APPEAL FROM: District Court of the Eleventh Judicial District,
In and For the County of Flathead, Cause No. DV-13-925A
Honorable Ted O. Lympus, Presiding Judge
COUNSEL OF RECORD:
For Appellant:
John Middlemiss, self-represented; Shelby, Montana
For Appellee:
Timothy C. Fox, Montana Attorney General; Mardell Ployhar, Assistant
Attorney General; Helena, Montana
Ed Corrigan, Flathead County Attorney; Kalispell, Montana
Submitted on Briefs: June 4, 2014
Decided: July 1, 2014
Filed:
__________________________________________
Clerk
Justice Jim Rice delivered the Opinion of the Court.
¶1 Pursuant to Section I, Paragraph 3(d), Montana Supreme Court Internal Operating
Rules, this case is decided by memorandum opinion and shall not be cited and does not
serve as precedent. Its case title, cause number, and disposition shall be included in this
Court’s quarterly list of noncitable cases published in the Pacific Reporter and Montana
Reports.
¶2 John Middlemiss (Middlemiss) appeals from the Order of the Eleventh Judicial
District Court, Flathead County, denying his Motion for Leave to Withdraw Guilty Plea;
or in the alternative Petition for Postconviction Relief. We affirm.

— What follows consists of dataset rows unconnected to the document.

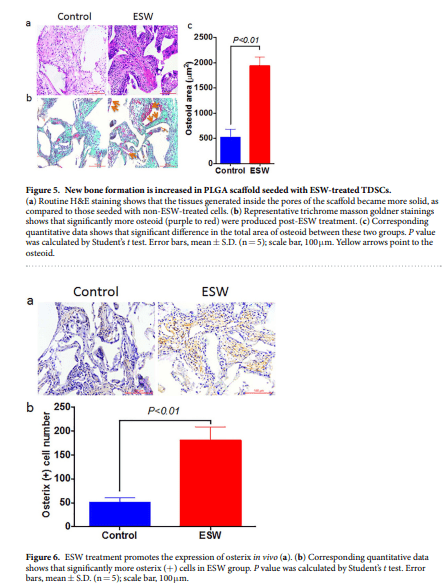  folk focus shockwave promotes the bone marrow stem cells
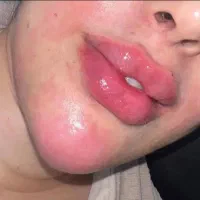 تزریق بوتاکس ژل لب چونه کانتورینگ صورت جام جم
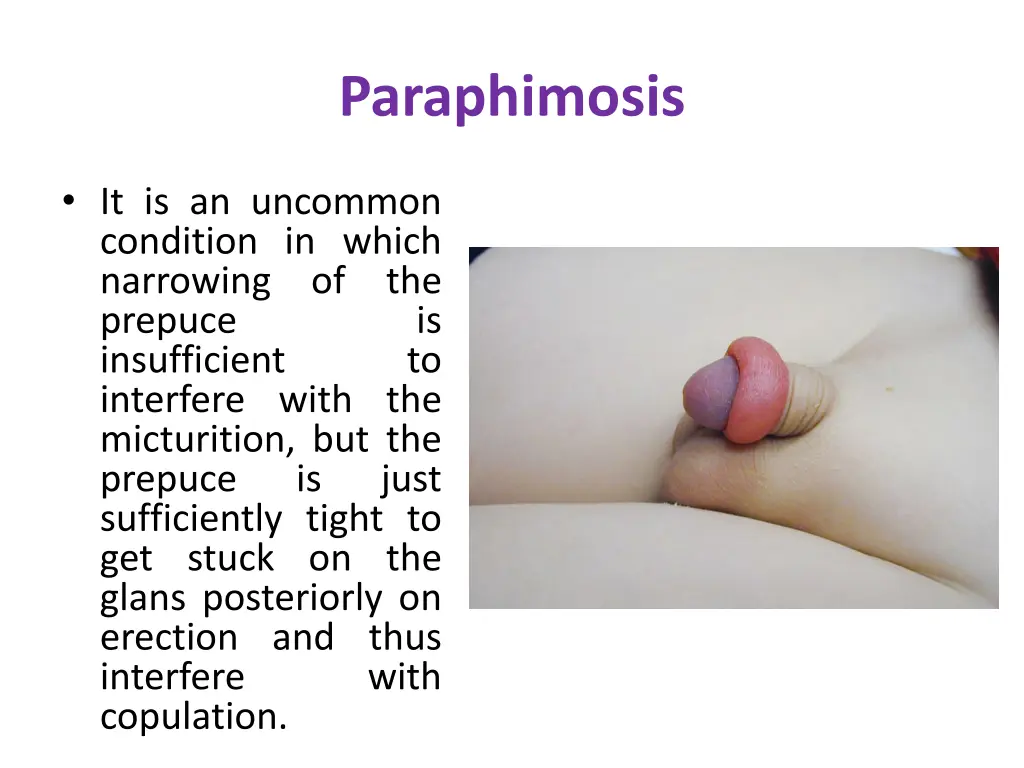 paraphimosis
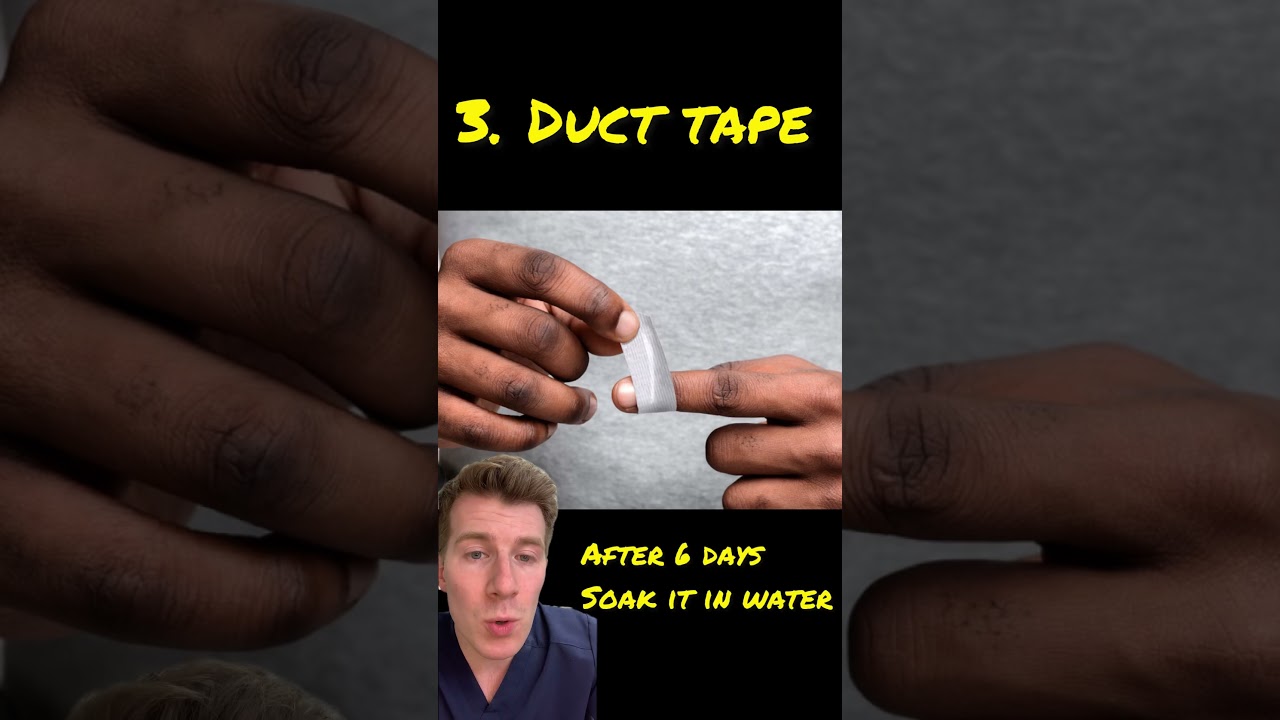 Home Remedies for Warts in 60 Seconds ⏱️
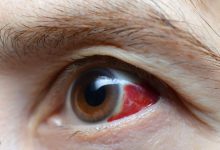 Redness in one eye without pain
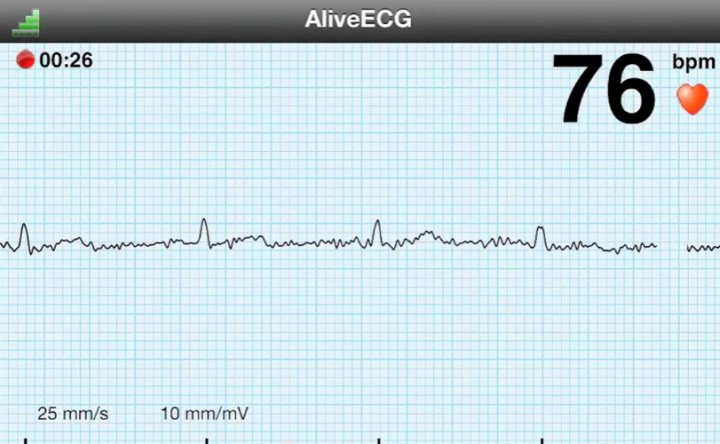 AliveCor показывает в реальном времени кардиограмму, отмечает интервалы между зубцами R и вычисляет частоту сердечных сокращений (кадр из демо-ролика)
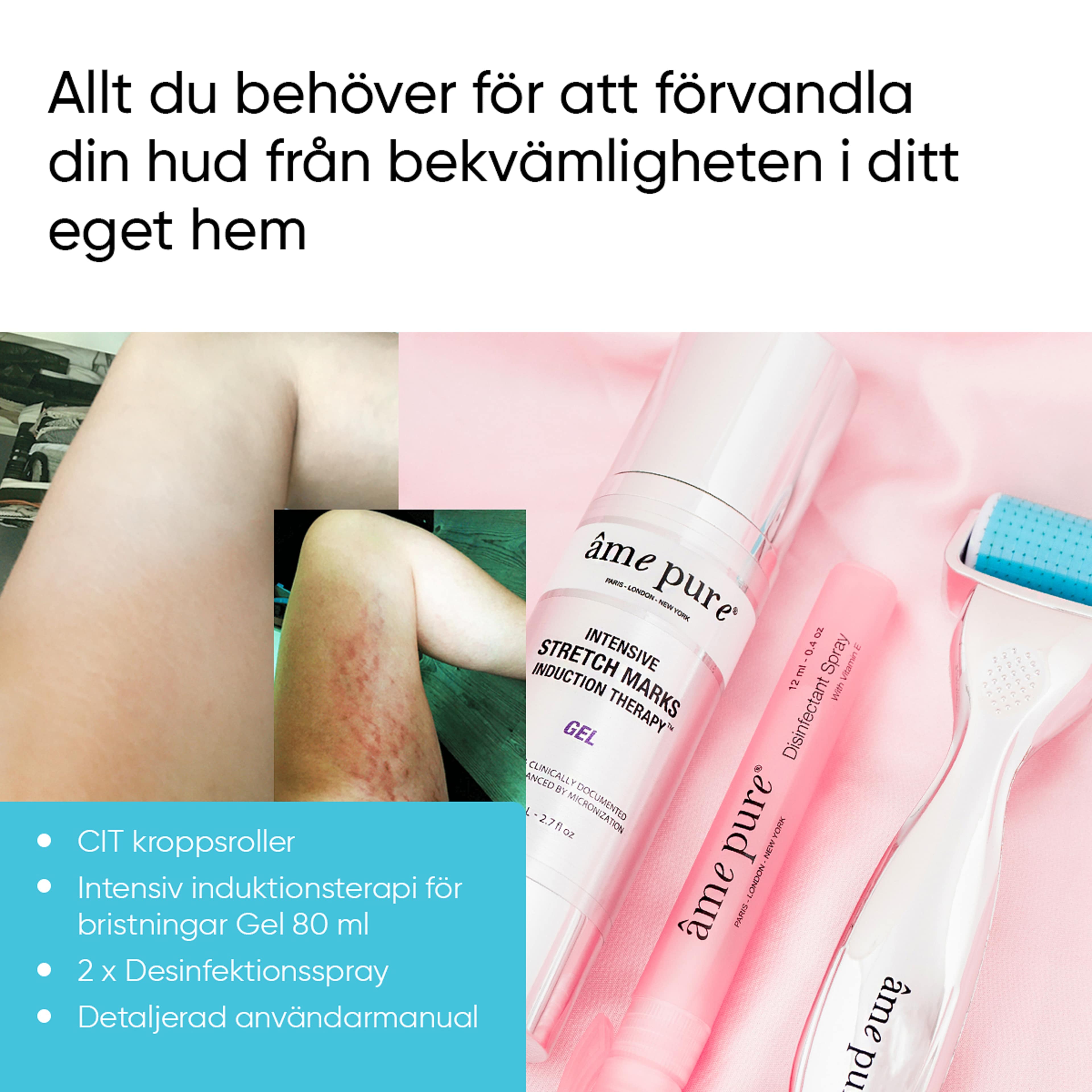 Âme Pure® Body Basic Stretch Marks Kit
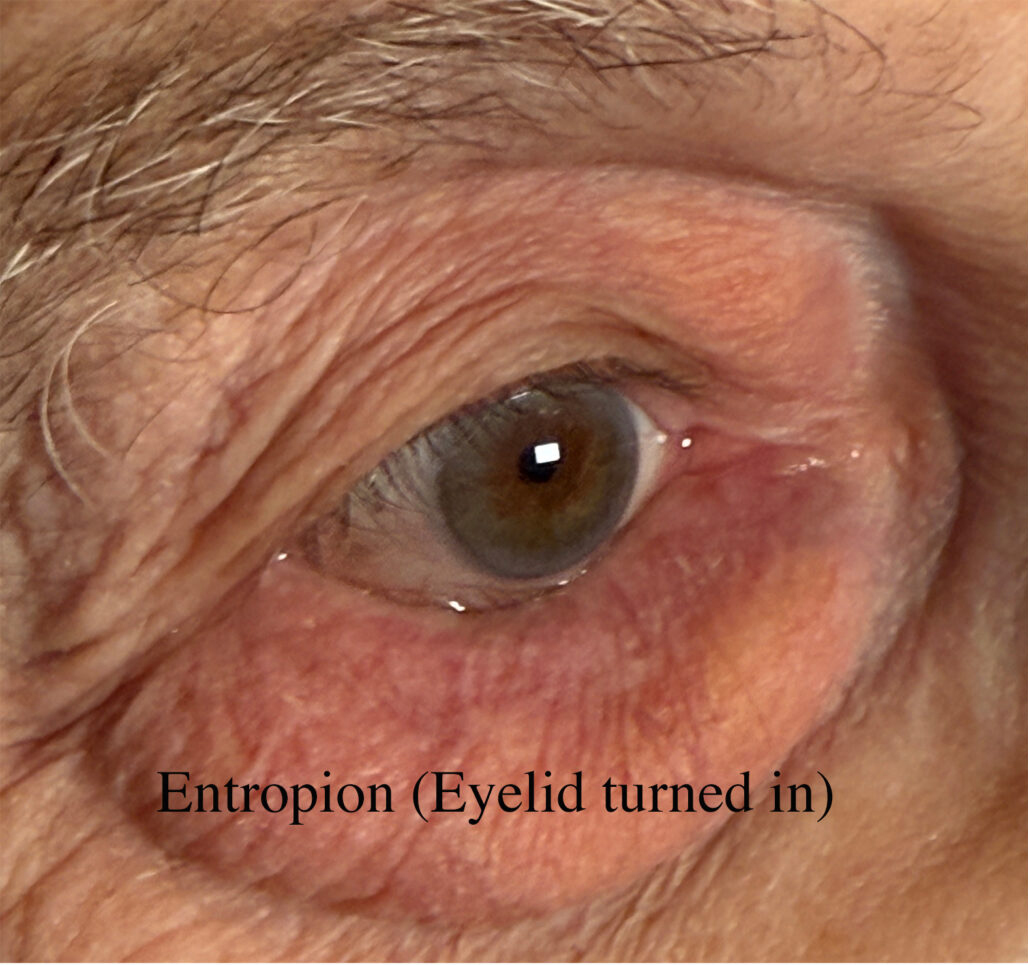 Entropion Repair Before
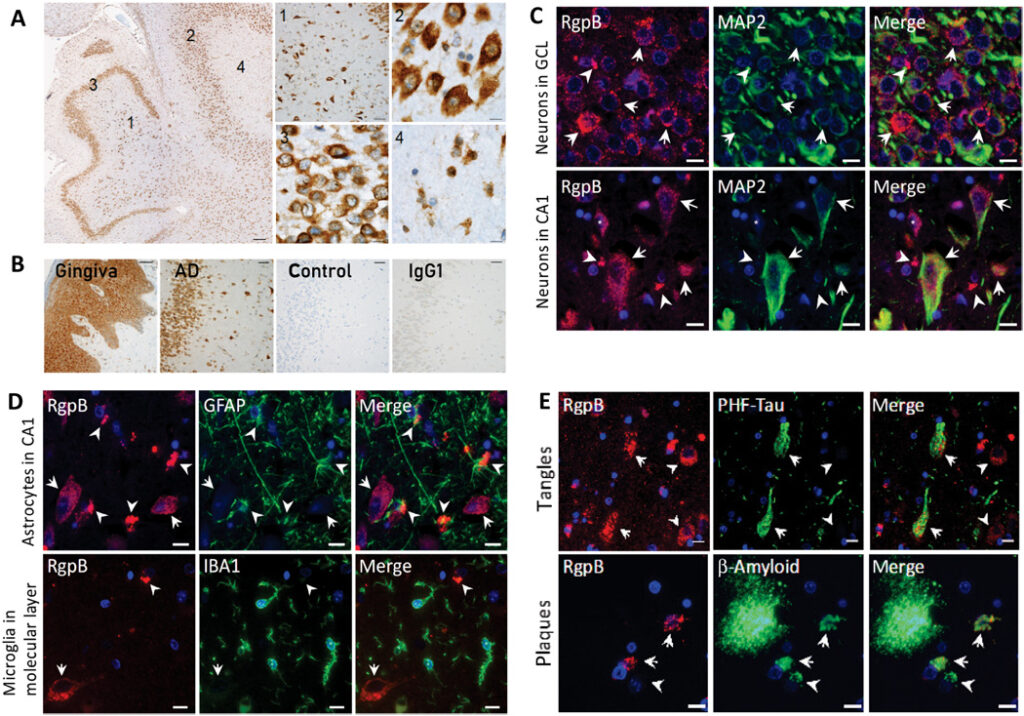 Fig. 2 RgpB colocalizes with neurons and pathology in AD hippocampus.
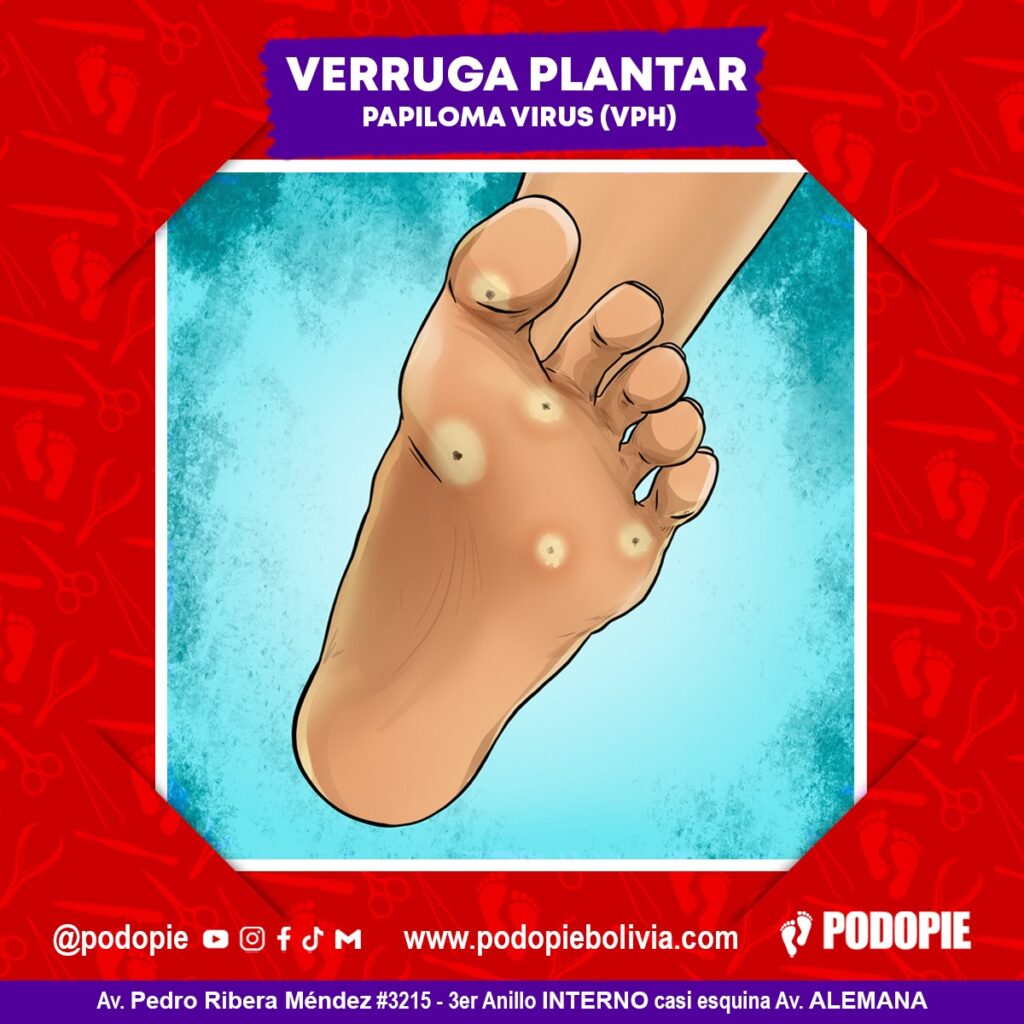 Atención Podopie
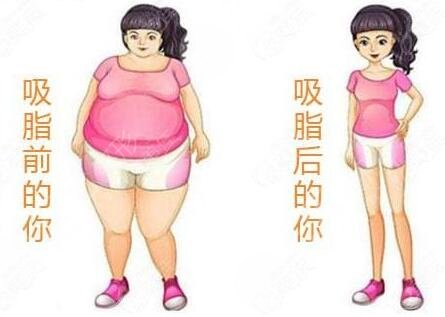 蘇州市立醫(yī)院腹部抽脂案例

¶3 On February 22, 1998, Middlemiss and Abel Gonzales (Gonzales) robbed the
Rose Casino at gunpoint. After threatening employees with a sawed-off shotgun, the two
men took $6,955 and made off in a stolen truck. Several minutes later, police confronted
Middlemiss and Gonzales and gave them the opportunity to surrender peacefully.
Middlemiss, however, rammed one of the patrol cars and fled at a high rate of speed.
¶4 Sometime later, the two men abandoned the truck and forced their way into the
home of Jon and Jill Nelson by kicking in the Nelsons’ back door. Upon entering,
Middlemiss pointed the shotgun in Jon’s face and demanded his car keys. Jon complied,
and Middlemiss and Gonzales drove off in Jon’s truck. This truck proved to be low on
gas and had a flat tire, so it was abandoned. Shortly thereafter, Middlemiss and Gonzales
forced their way into the home of Tina and Lance McCully. A scuffle ensued, wherein
Middlemiss wrestled Lance to the ground and pushed the shotgun into his back.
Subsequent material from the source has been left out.